16 banks have put themselves in danger by distributing excessive loans against customer deposits. Some of these banks have issued loans greater than 100% of their deposits and are now facing a crisis. According to data from Bangladesh Bank, as of December, excessive lending practices of nine conventional banks have resulted in a total of Tk 62,640 crore in loans. Islamic banks have issued loans amounting to Tk 53,793 crore , beyond the allowed limit.

Recent information from Bangladesh Bank shows that due to reckless loan distribution and the inability to bring the loaned money back to the bank, there is a liquidity crisis, and small depositors’ savings are at risk.

As per regulations, banks are allowed to lend up to Tk 87 for every Tk 100 deposited. Islamic banks can lend Tk 92 for every Tk 100 deposited. However, as of December, these banks have violated the loan-to-deposit ratio (ADR) limits.

Among these, National Bank's loan-to-deposit ratio is 113.56%, Exim Bank's is 110.68%, AB Bank's is 98.54%, Janata Bank's is 94.66%, Basic Bank's is 92.62%, Standard Bank's is 95.14%, UCB's is 91.39%, IFIC's is 91.34%, Bangladesh Commerce Bank's is 140.05%, Union Bank's is 115.63%, First Security Islami Bank's is 128.5%, Islamic AB Bank's is 112.31%, Global Islami Bank's is 106.71%, and Islami Bank’s loan-to-deposit ratio is above 93%. After issuing these loans, it is now difficult for these banks to bring the money back into the vault.

Regarding this, Bangladesh Bank’s spokesperson Arif Hossain Khan said that although there is no strict rule limiting the Advance Deposit Ratio (ADR) or Loan Deposit Ratio, banks face liquidity crises. As a result, depositors' normal transactions are hindered. Even if the depositors’ money is recorded on paper, it may not be available in the vault. This is why it is mandatory for banks to follow the ADR. If any bank fails to comply, they will naturally face risks. However, due to the temptation of large profits, these banks have crossed the ADR limit and are now facing this crisis.

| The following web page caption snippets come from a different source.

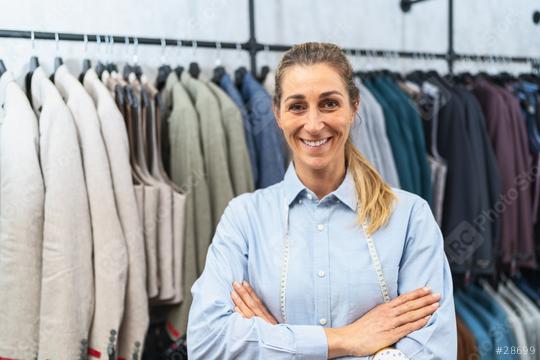 Confident tailor with arms crossed standing in front of suit jackets on hangers  : Stock Photo or Stock Video Download rcfotostock photos, images and assets rcfotostock | RC Photo Stock.:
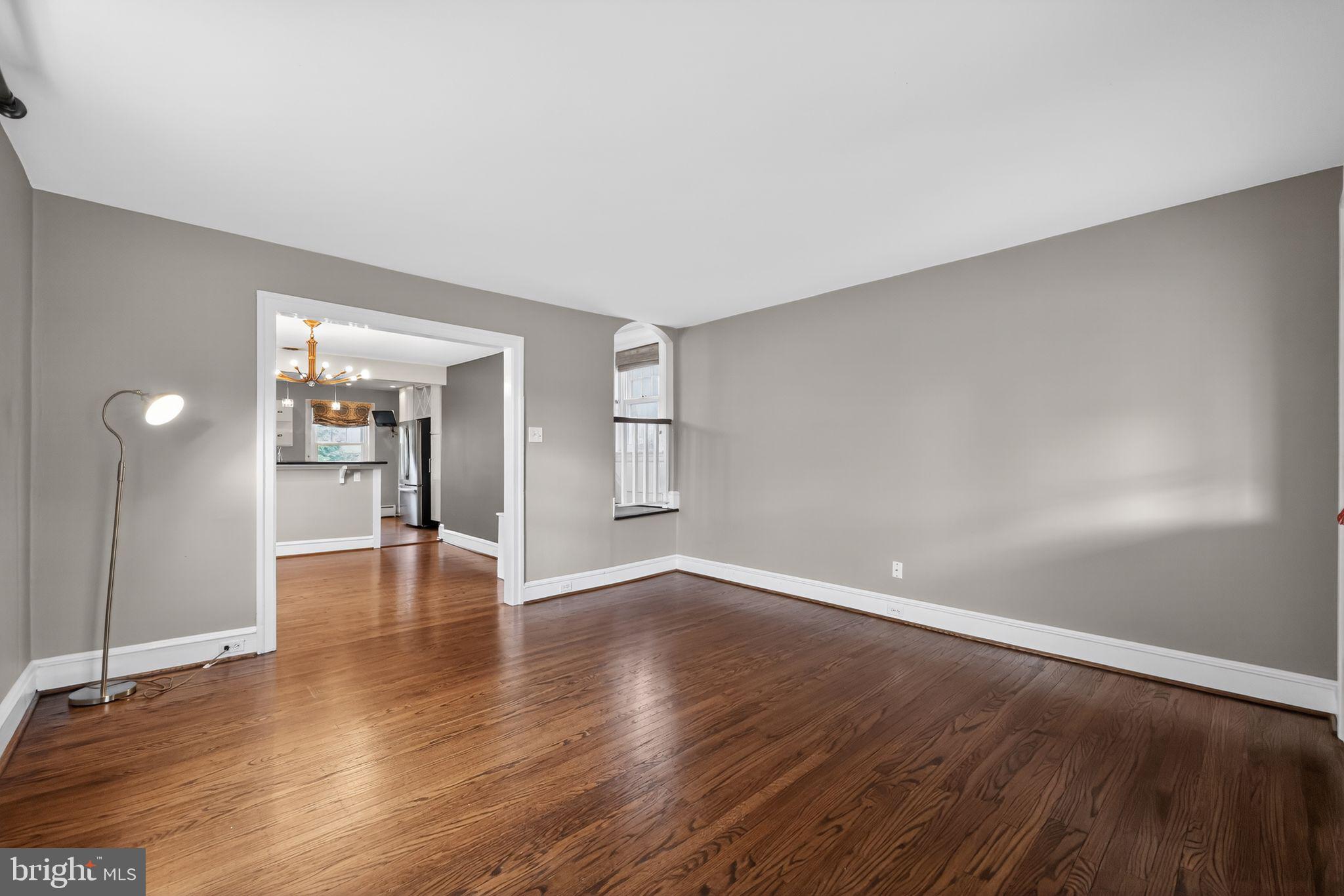 522 Dudley Avenue Narberth, PA 19072 - Photo 11 of 40 a view of an empty room with wooden floor and a window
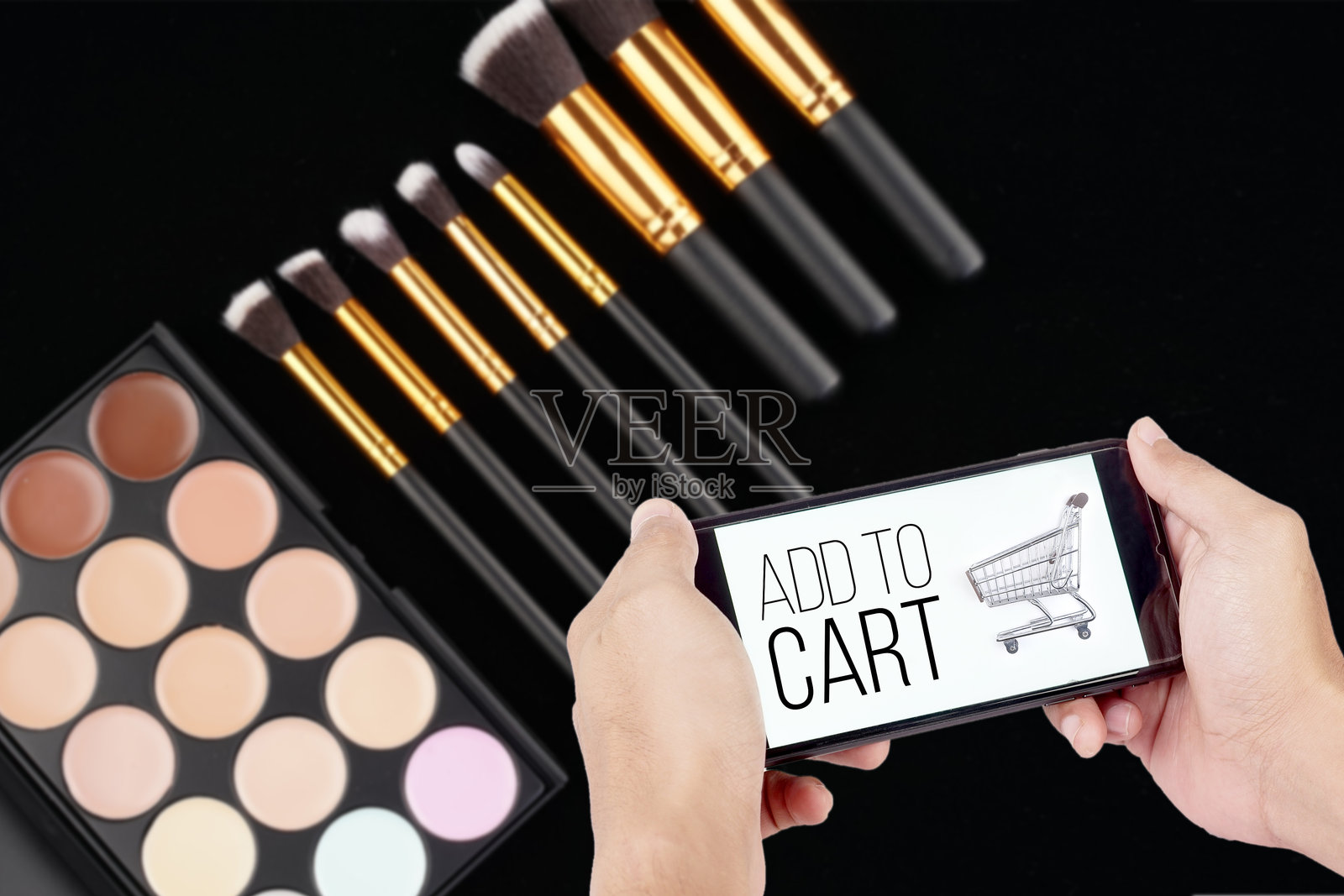 黑色背景下使用手机的人在网上购物时裁剪的手照片摄影图片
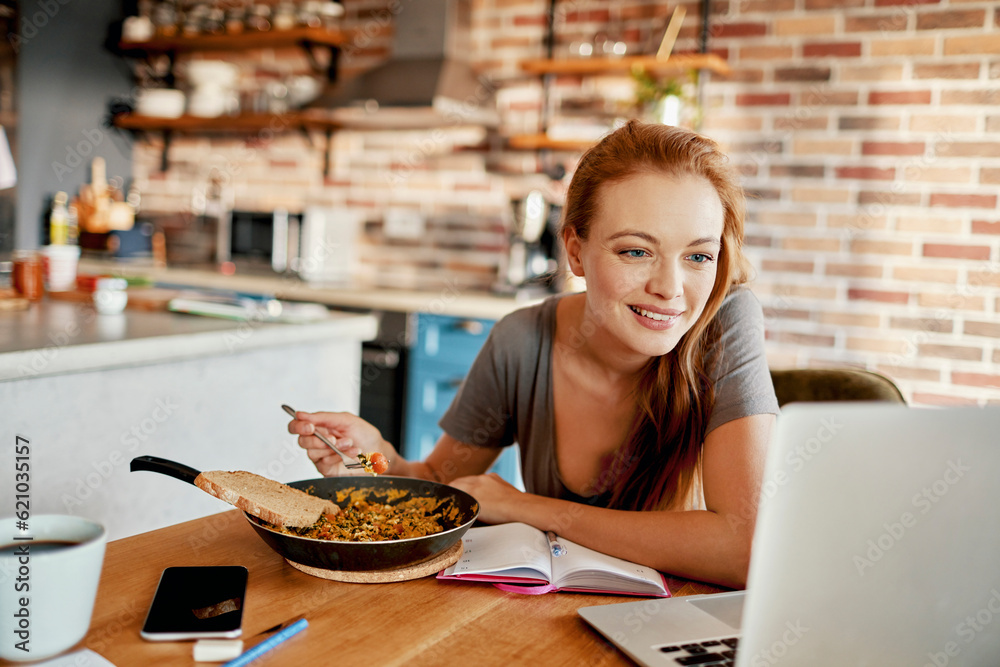 Young woman using a laptop while having breakfast in the morning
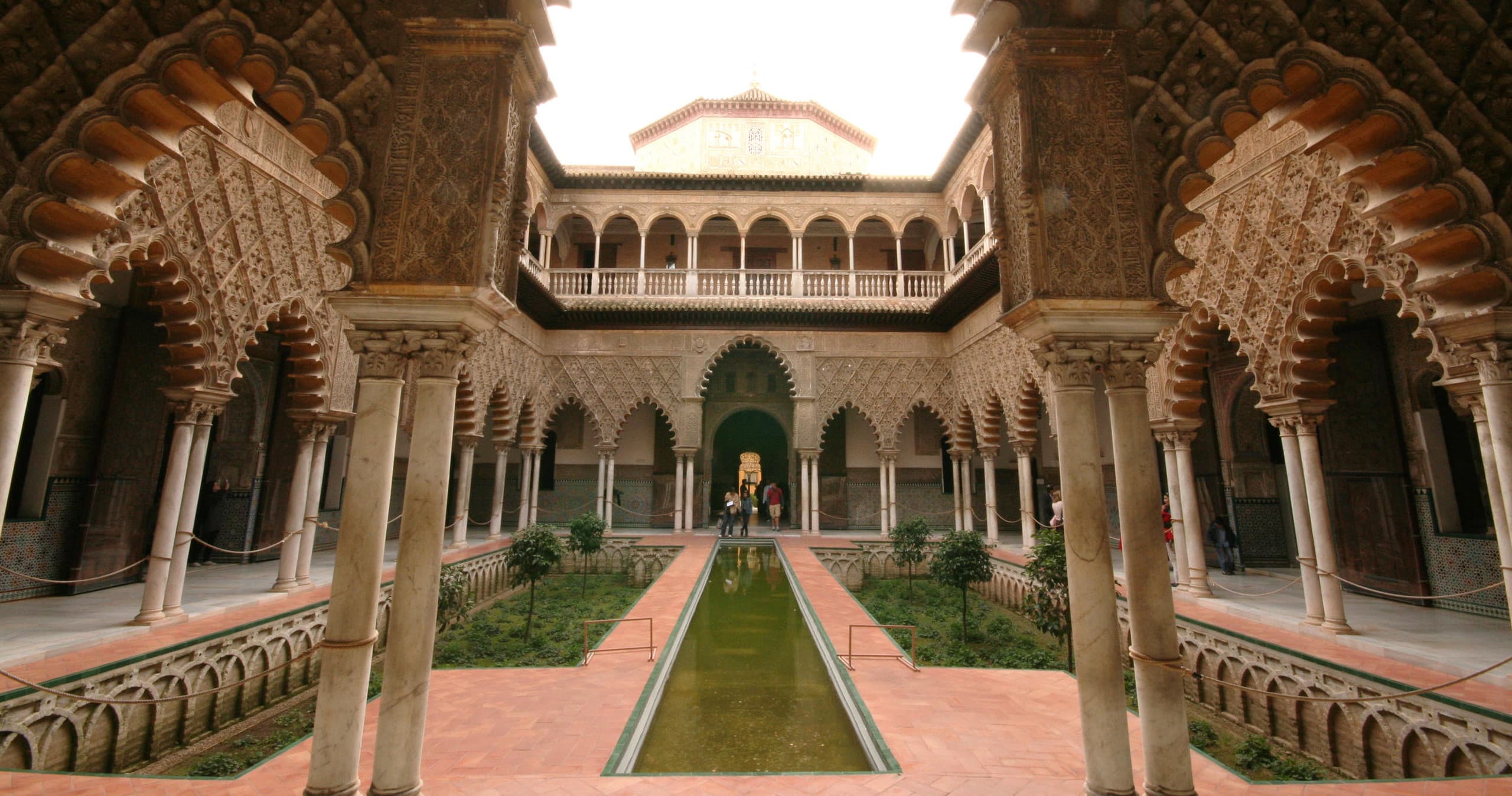 Real Alcázar courtyard garden with Moorish arches in Seville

He added that despite repeated warnings to the banks, no effective action has been taken.

Financial sector analysts believe that Bangladesh Bank needs to take stricter actions in the interest of depositors. Dr Toufik Ahmed Chowdhury, former Director-General of the BIBM, called the situation unfortunate and said it is the responsibility of Bangladesh Bank to stop this. He believes that the regulatory body needs to increase punitive measures. Banks have been violating the rules for a long time and should be fined. Had these banks followed the rules, they wouldn’t have been in such a weak position. Using short-term loans to finance long-term investments has put the banks at risk.

In the event of a closure of any conventional bank, the central bank guarantees a compensation of up to 2 lakh taka for depositors. However, analysts believe that to keep the banking sector dynamic, Bangladesh Bank must take stricter punitive measures against banks that have jeopardized depositors' savings by giving out irregular loans. This would protect the long-term interests of both depositors and banks.